_YOUR TASK_:
Pictures in the records below must be left out. Return exactly the lines from the line with "Suzuki GSX R 1100 GV73B [1990] - Canal d'air" to the line with "TOYOTA Hiace D-4D Van-image-5", both included.
[RECORDS SHOWN Boundary: Start]
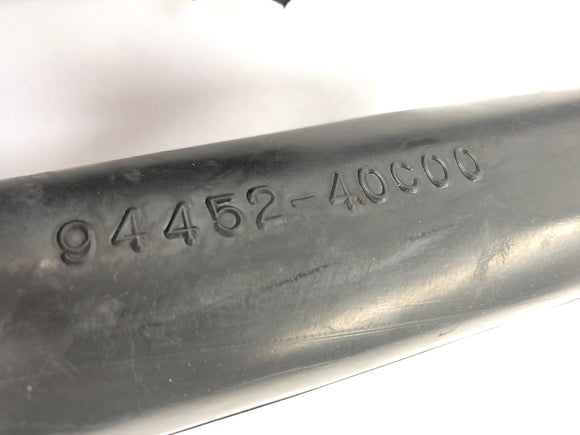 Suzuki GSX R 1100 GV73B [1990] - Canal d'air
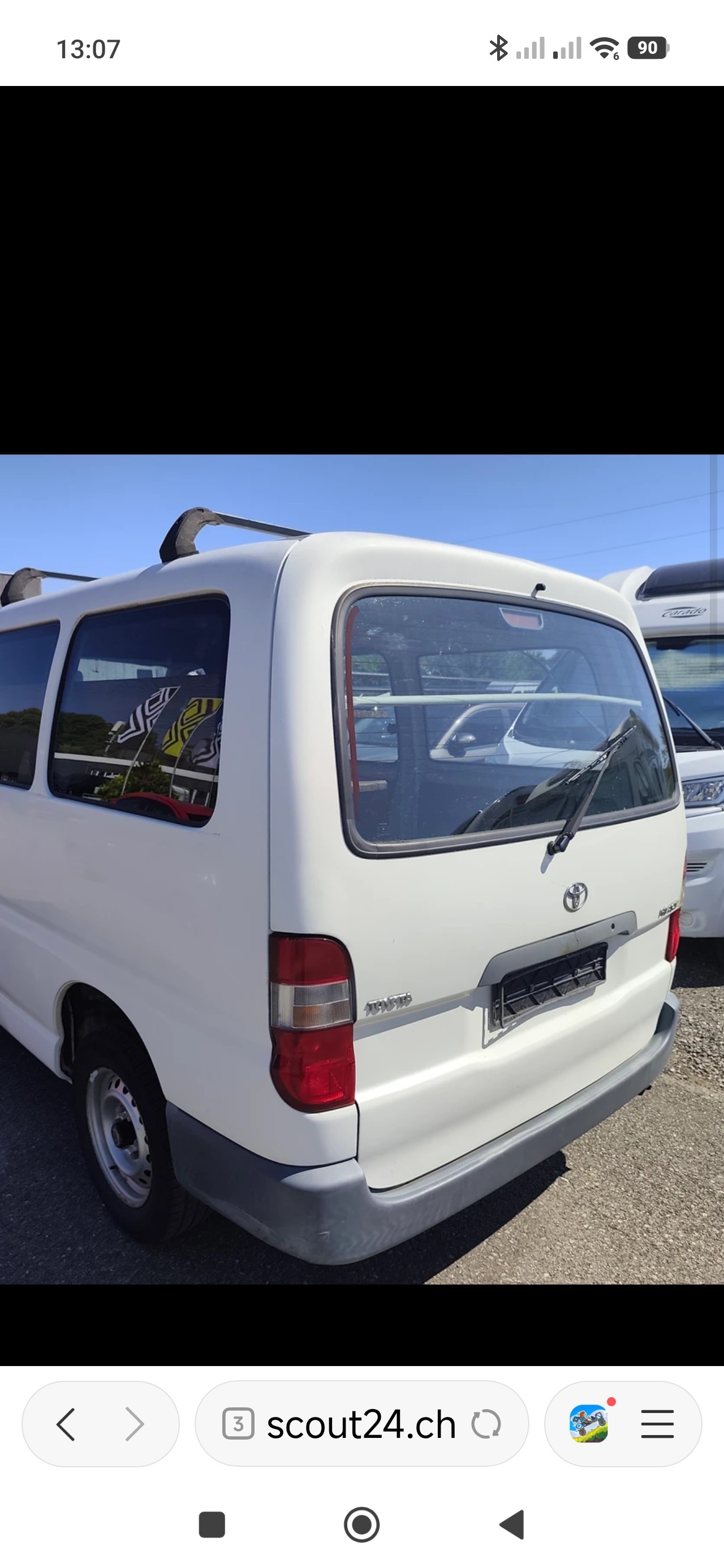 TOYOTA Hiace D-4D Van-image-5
[RECORDS SHOWN Boundary: End]
[RECORDS SHOWN Boundary: Start]
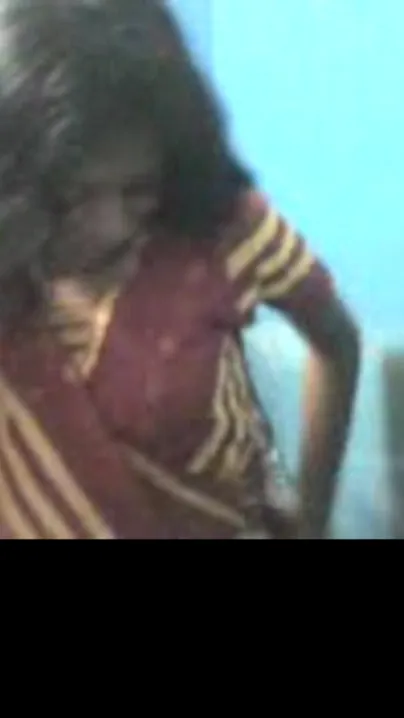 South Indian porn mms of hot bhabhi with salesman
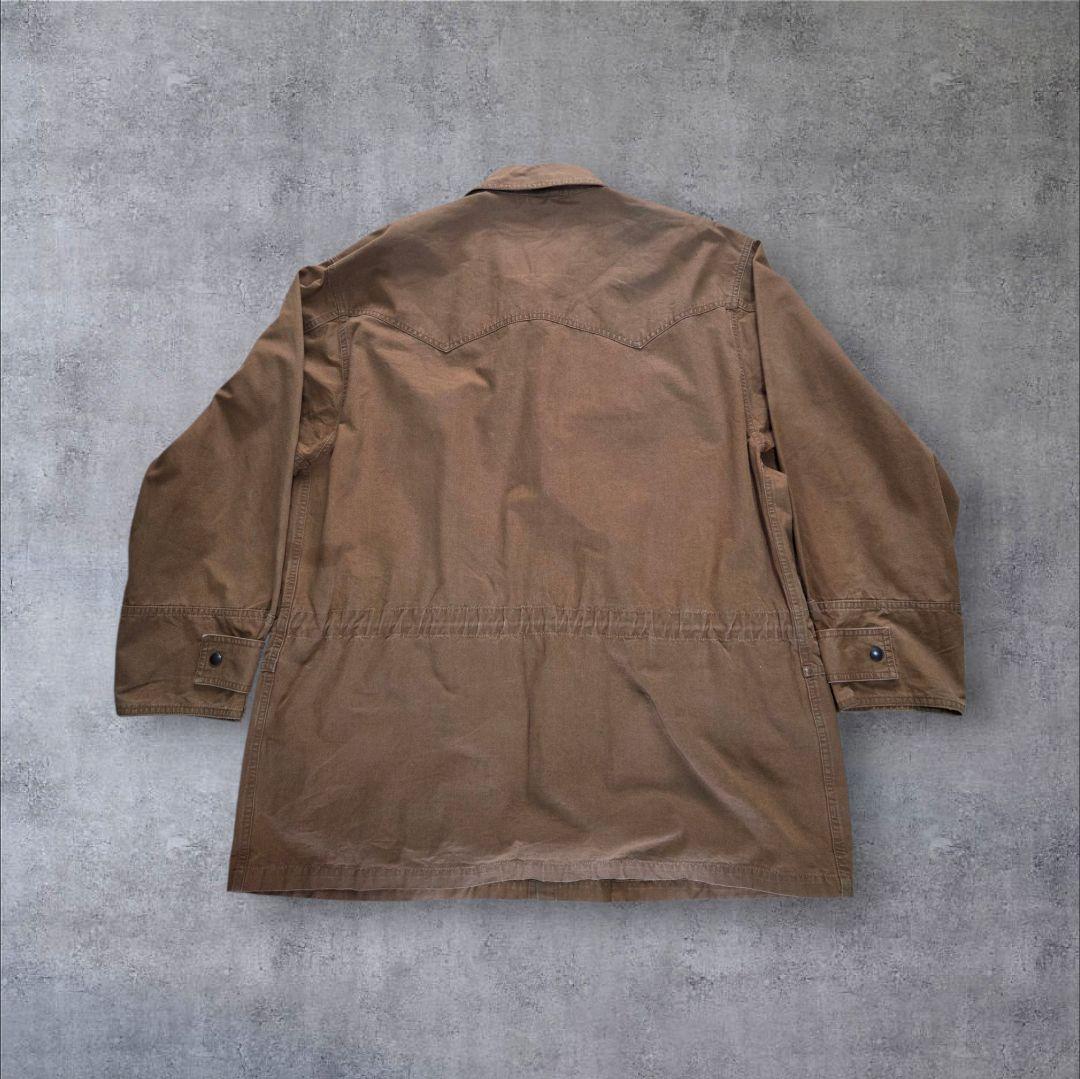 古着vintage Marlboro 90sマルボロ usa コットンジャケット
[RECORDS SHOWN Boundary: End]
_ANSWER TO THE PROBLEM_:
 Suzuki GSX R 1100 GV73B [1990] - Canal d'air
 TOYOTA Hiace D-4D Van-image-5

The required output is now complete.